Traditional AEC can be very efficient when the relative locations of the loudspeaker 14 and the microphone 16 are fixed with respect to each other. When, however, the relative positions of the loudspeaker 14 and the microphone 16 are not fixed with respect to each other, the AEC system cannot make any assumptions regarding the number of zero-valued coefficient initial taps in the adaptive filter 10 and thus must attempt to calculate all of them in real time on each occasion. This might be the case when, for example, the local user has a portable microphone and moves around within the local acoustic environment 12, although it is equally the case where one of the loudspeaker 14 or the microphone 16 is moved relative to the other. The processing requirements are further increased due to the need to make the adaptive filter 10 converge faster because the acoustic environment 12 as seen by the local microphone 16 may now be dynamically changing and thus needs to adapt faster than the local user is able to move the microphone 14 within that environment 12.

There is therefore a need for an improved method of processing signals in an adaptive filter.

Objects of the Invention

An object of the invention is to mitigate or obviate to some degree one or more problems associated with known methods of processing signals in an adaptive filter.

The above object is met by the combination of features of the main claims; the sub-claims disclose further advantageous embodiments of the invention.

Another object of the invention is to provide a method for changing an input of an adaptive filter in response to a change in a distance between a microphone and a speaker.

Another object of the invention is to provide a method for dynamically changing an input of an adaptive filter in response to dynamic changes in distance between a microphone and a speaker.

One skilled in the art will derive from the following description other objects of the invention. Therefore, the foregoing statements of object are not exhaustive and serve merely to illustrate some of the many objects of the present invention.

In a first main aspect, the invention provides a method of processing signals by an N tap adaptive filter, the method comprising the steps of: determining a direct path distance d between a speaker and a microphone; based on said determined direct path distance d, calculating a number of taps of the adaptive filter having a zero-valued coefficient; and processing input signals adaptively on all remaining taps of the adaptive filter not having a zero-valued coefficient.

In a second aspect, the invention provides a non-transitory computer readable medium storing machine readable code which, when executed by a processor, causes an electronic processing device to implement the steps of the method of the first aspect.

In a third aspect, the invention provides a microphone unit comprising computer readable medium storing machine readable code which, when executed by a processor of said microphone unit, causes the microphone unit to implement the steps of the method of the first aspect.

In a fourth aspect, the invention provides a sound system comprising a speaker and a microphone unit according to the third aspect.

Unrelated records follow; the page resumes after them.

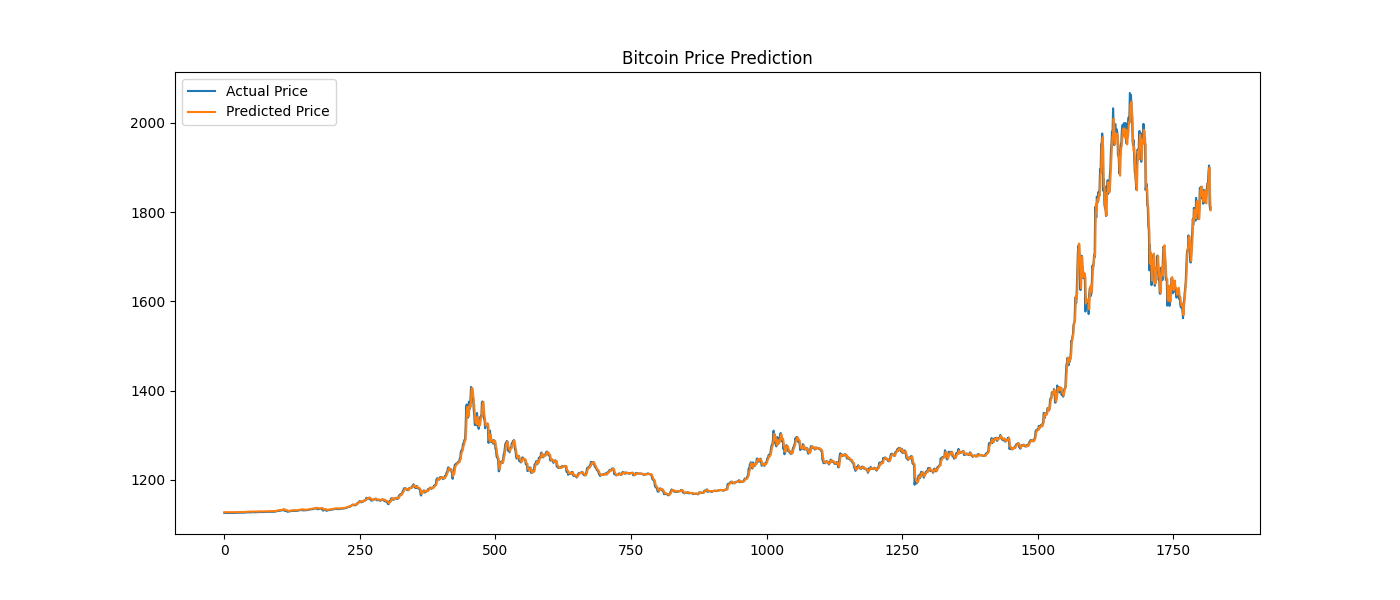 bitcoin predict vs actual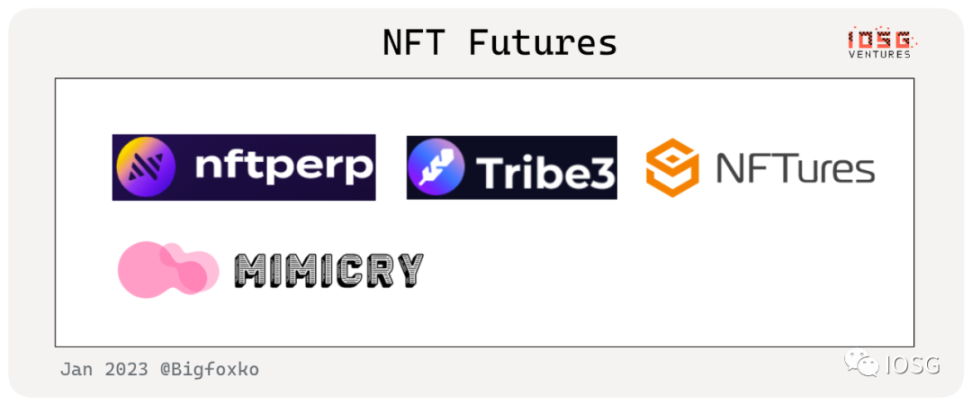 概览NFTFi赛道图谱：NFT金融化迎来系统性机会？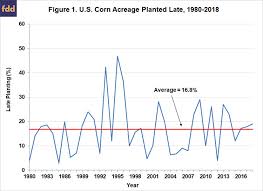 Late Planting And Projections Of The 2019 U S Corn Yield
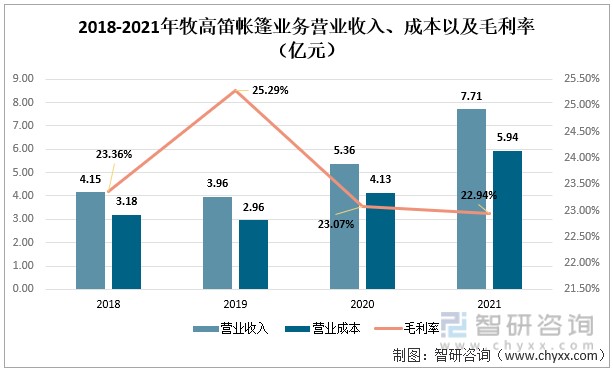 2021年中国帐篷行业龙头企业情况分析：牧高笛——产销突破200万件[图]_财富号_东方财富网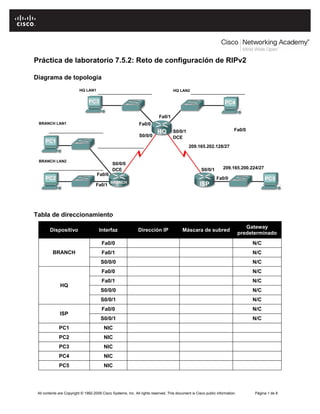 Práctica de laboratorio 7.5.2: Reto de configuración de RIPv2

Diagrama de topología




Tabla de direccionamiento
                                                                                                                                 Gateway
        Dispositivo                   Interfaz                Dirección IP                Máscara de subred
                                                                                                                              predeterminado
                                        Fa0/0                                                                                      N/C
          BRANCH                        Fa0/1                                                                                      N/C
                                       S0/0/0                                                                                      N/C
                                        Fa0/0                                                                                      N/C
                                        Fa0/1                                                                                      N/C
              HQ
                                       S0/0/0                                                                                      N/C
                                       S0/0/1                                                                                      N/C
                                        Fa0/0                                                                                      N/C
              ISP
                                       S0/0/1                                                                                      N/C
              PC1                        NIC
              PC2                        NIC
              PC3                        NIC
              PC4                        NIC
              PC5                        NIC




 All contents are Copyright © 1992-2009 Cisco Systems, Inc. All rights reserved. This document is Cisco public information.         Página 1 de 8
 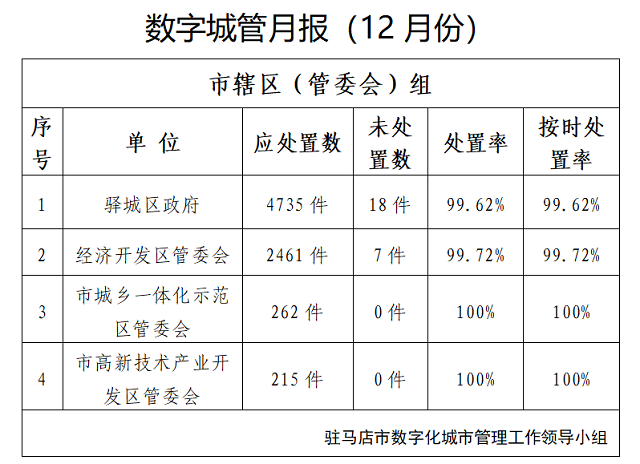 駐馬店市中心城區(qū)12月份數(shù)字化城市管理工作考評情況通報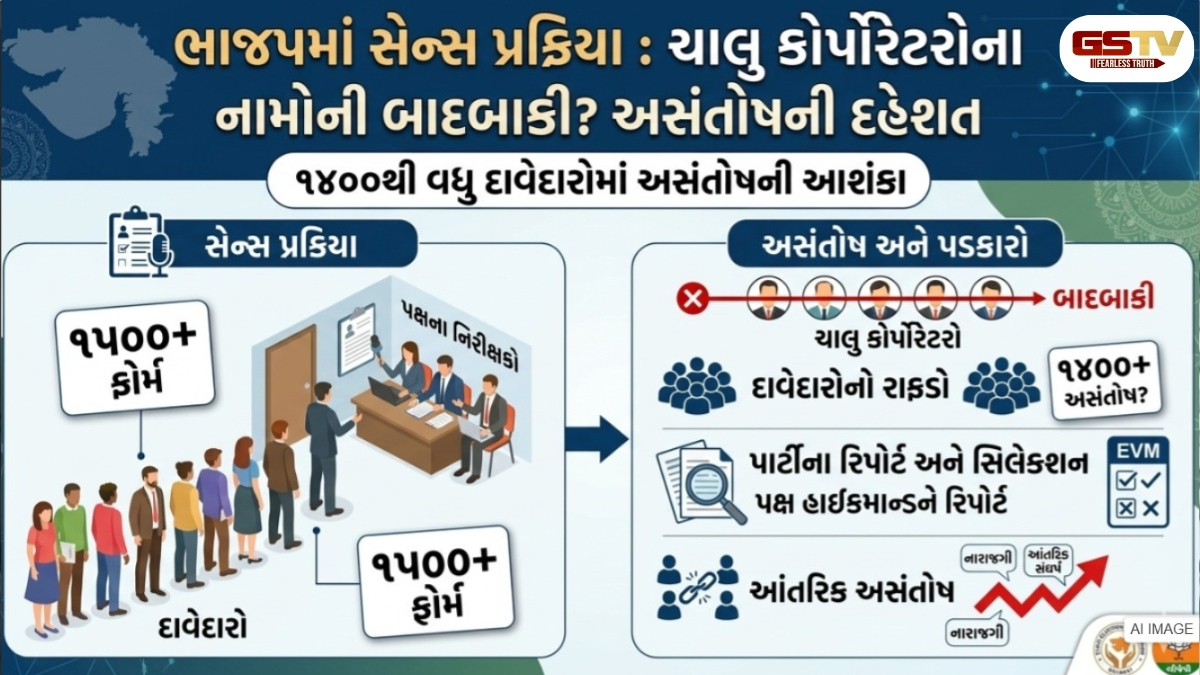 Jamnagar news: ભાજપમાં મોટા પાયે નારાજગી અને આંતરીક અસંતોષની શક્યતા, ટિકિટ ઈચ્છુકોની સંખ્યા ઘણી મોટી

The summary of the invention does not necessarily disclose all the features essential for defining the invention; the invention may reside in a sub-combination of the disclosed features.

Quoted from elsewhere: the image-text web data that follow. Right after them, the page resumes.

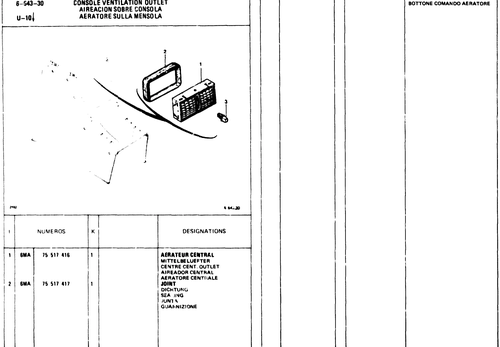 Console Ventilation Outlet, page 733 — CX Parts Catalogue — 1981–1985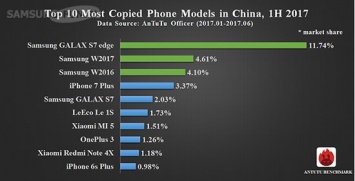 В Китае самым копируемым смартфоном стал Samsung Galaxy S7 edge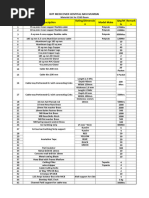 Mumbai CSSD Electrical Material List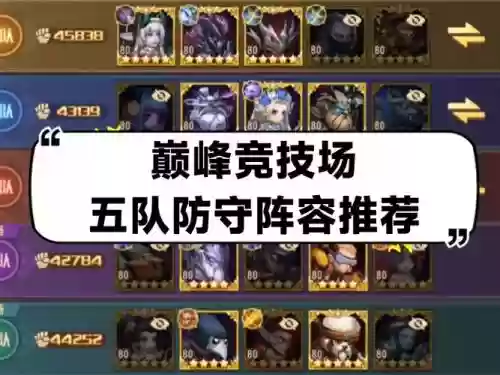 巅峰对决有哪些阵容搭配，巅峰对决怎么样插图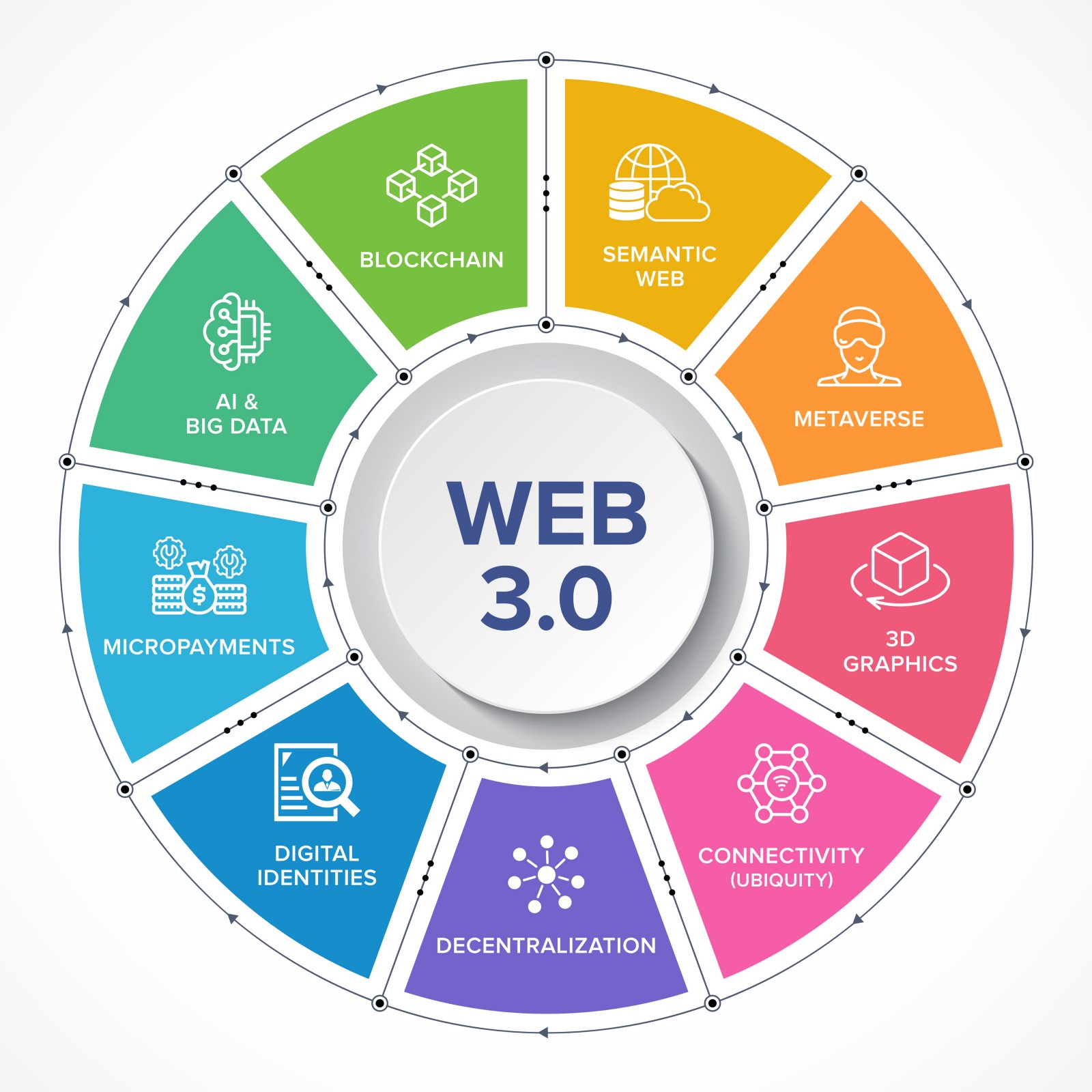 Stephanie Marie Delgado and Web 3.0 website image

The foregoing and further features of the present invention will be apparent from the following description of preferred embodiments which are provided by way of example only in connection with the accompanying figures, of which:

Figure 1 is a schematic diagram of a known AEC system based on an adaptive filter;

Figure 2 is a block diagram of a system in which the method of the invention can be performed;

Figure 3 is a schematic diagram of an AEC system in accordance with the invention based on an adjustable adaptive filter;

Figure 4 shows the AEC system in accordance with the invention in more detail; and

Figure 5 provides a comparison of the performance of the known AEC system of Fig. 1 with the AEC system in accordance with the invention.

Description of Preferred Embodiments

The following description is of preferred embodiments by way of example only and without limitation to the combination of features necessary for carrying the invention into effect.

Reference in this specification to "one embodiment" or "an embodiment" means that a particular feature, structure, or characteristic described in connection with the embodiment is included in at least one embodiment of the invention. The appearances of the phrase "in one embodiment" in various places in the specification are not necessarily all referring to the same embodiment, nor are separate or alternative embodiments mutually exclusive of other embodiments. Moreover, various features are described which may be exhibited by some embodiments and not by others. Similarly, various requirements are described which may be requirements for some embodiments, but not other embodiments.

It should be understood that the elements shown in the FIGS, may be implemented in various forms of hardware, software or combinations thereof. Preferably, these elements are implemented in a combination of hardware and software on one or more appropriately programmed general-purpose devices, which may include a processor, memory and input/output interfaces.

The functions of the various elements shown in the figures may be provided through the use of dedicated hardware as well as hardware capable of executing software in association with appropriate software. When provided by a processor, the functions may be provided by a single dedicated processor, by a single shared processor, or by a plurality of individual processors, some of which may be shared. Moreover, explicit use of the term "processor" or "controller" should not be construed to refer exclusively to hardware capable of executing software, and may implicitly include, without limitation, digital signal processor ("DSP") hardware, read-only memory ("ROM") for storing software, random access memory ("RAM"), and non-volatile storage.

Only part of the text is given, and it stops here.